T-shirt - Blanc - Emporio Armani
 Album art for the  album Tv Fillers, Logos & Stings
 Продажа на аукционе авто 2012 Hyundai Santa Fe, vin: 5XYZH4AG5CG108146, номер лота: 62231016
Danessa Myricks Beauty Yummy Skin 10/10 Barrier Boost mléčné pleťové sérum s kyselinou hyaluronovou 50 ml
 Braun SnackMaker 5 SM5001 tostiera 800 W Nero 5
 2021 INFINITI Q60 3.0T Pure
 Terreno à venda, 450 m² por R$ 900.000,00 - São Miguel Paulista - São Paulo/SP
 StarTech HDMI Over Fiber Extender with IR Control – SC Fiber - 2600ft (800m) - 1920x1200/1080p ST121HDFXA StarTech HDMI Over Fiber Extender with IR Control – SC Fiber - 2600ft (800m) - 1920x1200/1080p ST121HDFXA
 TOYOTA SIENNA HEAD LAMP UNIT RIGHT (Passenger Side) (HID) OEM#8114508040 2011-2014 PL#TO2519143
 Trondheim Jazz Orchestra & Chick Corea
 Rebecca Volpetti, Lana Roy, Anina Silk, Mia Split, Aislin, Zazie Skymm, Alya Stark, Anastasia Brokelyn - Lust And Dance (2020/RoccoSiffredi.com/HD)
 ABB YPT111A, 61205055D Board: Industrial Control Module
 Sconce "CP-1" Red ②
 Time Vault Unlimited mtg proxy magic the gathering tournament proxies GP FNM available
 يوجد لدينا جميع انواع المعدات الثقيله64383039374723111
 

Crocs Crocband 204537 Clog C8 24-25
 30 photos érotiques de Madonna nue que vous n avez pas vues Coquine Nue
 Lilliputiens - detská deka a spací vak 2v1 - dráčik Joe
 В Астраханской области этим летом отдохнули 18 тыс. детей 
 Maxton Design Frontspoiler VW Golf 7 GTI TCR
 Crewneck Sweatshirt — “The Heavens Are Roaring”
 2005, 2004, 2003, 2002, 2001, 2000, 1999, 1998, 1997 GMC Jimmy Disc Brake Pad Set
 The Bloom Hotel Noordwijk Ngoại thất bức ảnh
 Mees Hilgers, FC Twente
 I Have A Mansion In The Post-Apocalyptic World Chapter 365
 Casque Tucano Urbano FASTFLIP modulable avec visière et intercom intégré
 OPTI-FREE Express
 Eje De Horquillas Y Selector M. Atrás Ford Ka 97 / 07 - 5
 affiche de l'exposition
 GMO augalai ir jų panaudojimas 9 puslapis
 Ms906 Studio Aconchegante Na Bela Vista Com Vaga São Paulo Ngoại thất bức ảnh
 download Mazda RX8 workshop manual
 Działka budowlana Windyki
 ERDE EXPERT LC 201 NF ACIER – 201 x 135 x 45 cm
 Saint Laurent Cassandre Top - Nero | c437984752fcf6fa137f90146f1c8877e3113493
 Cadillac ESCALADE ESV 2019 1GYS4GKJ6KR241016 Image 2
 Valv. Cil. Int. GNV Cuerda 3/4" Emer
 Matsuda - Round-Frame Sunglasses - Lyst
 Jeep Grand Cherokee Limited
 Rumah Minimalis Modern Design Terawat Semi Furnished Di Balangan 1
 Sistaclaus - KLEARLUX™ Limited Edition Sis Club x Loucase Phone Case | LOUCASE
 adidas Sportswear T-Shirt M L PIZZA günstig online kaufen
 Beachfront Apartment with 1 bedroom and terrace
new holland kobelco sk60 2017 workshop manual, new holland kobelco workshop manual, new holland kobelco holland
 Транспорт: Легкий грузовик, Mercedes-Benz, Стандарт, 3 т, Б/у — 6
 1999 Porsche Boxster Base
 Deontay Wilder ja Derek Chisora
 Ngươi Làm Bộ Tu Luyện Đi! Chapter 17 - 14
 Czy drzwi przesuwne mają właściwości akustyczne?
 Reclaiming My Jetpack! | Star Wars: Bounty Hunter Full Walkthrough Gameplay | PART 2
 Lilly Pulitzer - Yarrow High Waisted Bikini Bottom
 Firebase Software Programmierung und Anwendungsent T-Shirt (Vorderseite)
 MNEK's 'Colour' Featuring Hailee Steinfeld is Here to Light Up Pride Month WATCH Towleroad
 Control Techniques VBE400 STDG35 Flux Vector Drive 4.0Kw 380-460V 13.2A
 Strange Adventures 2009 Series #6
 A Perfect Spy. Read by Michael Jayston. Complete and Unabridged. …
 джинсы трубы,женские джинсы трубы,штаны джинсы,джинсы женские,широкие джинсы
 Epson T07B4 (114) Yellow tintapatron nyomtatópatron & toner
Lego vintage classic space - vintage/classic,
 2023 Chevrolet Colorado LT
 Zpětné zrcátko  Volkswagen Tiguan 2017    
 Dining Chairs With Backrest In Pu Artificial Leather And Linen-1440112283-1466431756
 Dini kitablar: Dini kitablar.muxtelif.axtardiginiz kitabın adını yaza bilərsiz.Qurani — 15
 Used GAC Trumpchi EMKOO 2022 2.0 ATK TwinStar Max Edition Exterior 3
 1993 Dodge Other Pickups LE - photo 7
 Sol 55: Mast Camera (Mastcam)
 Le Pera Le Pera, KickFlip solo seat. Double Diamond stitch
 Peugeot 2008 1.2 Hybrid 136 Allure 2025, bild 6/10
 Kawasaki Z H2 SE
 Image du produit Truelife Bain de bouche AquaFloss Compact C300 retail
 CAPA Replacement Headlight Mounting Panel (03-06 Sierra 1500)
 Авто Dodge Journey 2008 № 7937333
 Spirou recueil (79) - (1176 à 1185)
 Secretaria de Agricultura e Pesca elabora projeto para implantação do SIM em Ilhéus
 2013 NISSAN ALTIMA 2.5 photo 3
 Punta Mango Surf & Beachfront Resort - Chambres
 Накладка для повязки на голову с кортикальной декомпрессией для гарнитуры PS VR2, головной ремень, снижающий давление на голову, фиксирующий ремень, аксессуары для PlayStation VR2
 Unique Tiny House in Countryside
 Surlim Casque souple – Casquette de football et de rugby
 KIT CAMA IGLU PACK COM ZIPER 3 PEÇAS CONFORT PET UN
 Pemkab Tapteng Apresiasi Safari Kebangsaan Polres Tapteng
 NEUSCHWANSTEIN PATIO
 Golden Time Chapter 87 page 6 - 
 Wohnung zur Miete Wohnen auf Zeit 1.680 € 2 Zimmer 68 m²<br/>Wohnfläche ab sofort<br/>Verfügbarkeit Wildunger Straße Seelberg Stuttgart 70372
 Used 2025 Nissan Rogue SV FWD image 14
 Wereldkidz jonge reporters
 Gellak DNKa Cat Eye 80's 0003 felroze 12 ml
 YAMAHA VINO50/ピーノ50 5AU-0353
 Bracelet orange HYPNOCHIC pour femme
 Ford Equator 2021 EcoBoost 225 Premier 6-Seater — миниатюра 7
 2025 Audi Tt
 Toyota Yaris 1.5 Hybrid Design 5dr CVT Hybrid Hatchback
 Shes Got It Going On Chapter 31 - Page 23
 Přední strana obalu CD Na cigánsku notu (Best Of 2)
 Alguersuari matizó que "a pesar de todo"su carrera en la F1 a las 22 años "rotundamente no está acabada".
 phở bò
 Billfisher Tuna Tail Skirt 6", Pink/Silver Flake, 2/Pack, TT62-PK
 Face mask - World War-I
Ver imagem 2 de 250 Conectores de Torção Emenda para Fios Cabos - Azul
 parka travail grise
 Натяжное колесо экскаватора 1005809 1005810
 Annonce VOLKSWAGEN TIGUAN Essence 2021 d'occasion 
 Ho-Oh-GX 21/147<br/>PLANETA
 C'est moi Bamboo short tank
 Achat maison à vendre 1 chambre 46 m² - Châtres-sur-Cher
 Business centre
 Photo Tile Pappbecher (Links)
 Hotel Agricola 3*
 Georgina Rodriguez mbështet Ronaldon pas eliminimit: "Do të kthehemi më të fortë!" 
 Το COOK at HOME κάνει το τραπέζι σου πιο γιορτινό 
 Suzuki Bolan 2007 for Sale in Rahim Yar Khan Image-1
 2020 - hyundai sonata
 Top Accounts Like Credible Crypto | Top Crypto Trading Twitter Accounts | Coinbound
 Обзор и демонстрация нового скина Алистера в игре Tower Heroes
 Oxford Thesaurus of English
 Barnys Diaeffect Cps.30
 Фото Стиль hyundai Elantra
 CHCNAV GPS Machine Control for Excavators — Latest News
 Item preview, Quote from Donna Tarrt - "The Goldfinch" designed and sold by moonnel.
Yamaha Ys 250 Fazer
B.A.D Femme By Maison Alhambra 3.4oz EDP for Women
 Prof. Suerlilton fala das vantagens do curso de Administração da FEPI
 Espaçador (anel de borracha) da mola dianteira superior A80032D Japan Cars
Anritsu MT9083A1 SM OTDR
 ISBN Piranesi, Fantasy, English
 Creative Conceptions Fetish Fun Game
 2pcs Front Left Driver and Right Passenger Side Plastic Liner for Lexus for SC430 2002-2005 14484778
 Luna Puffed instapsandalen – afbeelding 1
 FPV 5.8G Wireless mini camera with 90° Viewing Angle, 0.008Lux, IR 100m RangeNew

━━━━━━━━━━

### REQUIRED WORK:
Copy whichever lines in the listing above hold "Passenger".

### SOLUTION:
 TOYOTA SIENNA HEAD LAMP UNIT RIGHT (Passenger Side) (HID) OEM#8114508040 2011-2014 PL#TO2519143
 2pcs Front Left Driver and Right Passenger Side Plastic Liner for Lexus for SC430 2002-2005 14484778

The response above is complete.